I have been trying to implement the softmax version of the triplet loss in Caffe described in
Hoffer and Ailon, Deep Metric Learning Using Triplet Network, ICLR 2015.
Implementing the L2 norm using existing layers of caffe can save you all the hustle.

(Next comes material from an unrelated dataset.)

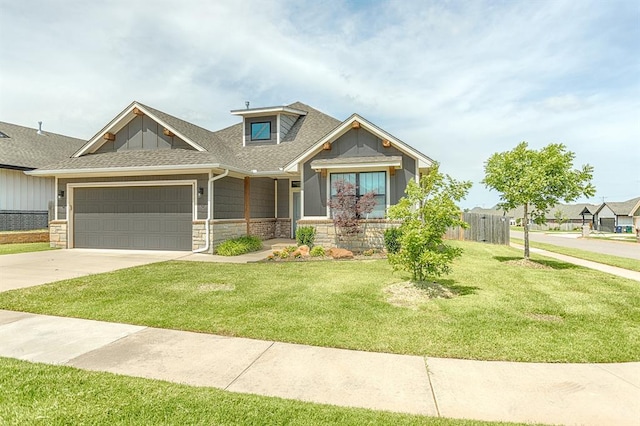 17817 Morning Sky Ct, Edmond, OK 73012 - craftsman-style home with stone siding, driveway, a shingled roof, an attached garage, and board and batten siding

Here's one way to compute ||x1-x2||_2
in caffe for "bottom"s x1
and x2
(assuming x1
and x2
are B
-by-C
blobs, computing B
norms for C
dimensional diffs)
layer {
name: "x1-x2"
type: "Eltwise"
bottom: "x1"
bottom: "x1"
top: "x1-x2"
eltwise_param {
operation: SUM
coeff: 1 coeff: -1
}
}
layer {
name: "sqr_norm"
type: "Reduction"
bottom: "x1-x2"
top: "sqr_norm"
reduction_param { operation: SUMSQ axis: 1 }
}
layer {
name: "sqrt"
type: "Power"
bottom: "sqr_norm"
top: "sqrt"
power_param { power: 0.5 }
}
For the triplet loss defined in the paper, you need to compute L2 norm for x-x+
and for x-x-
, concat these two blobs and feed the concat blob to a "Softmax"
layer.
No need for dirty gradient computations.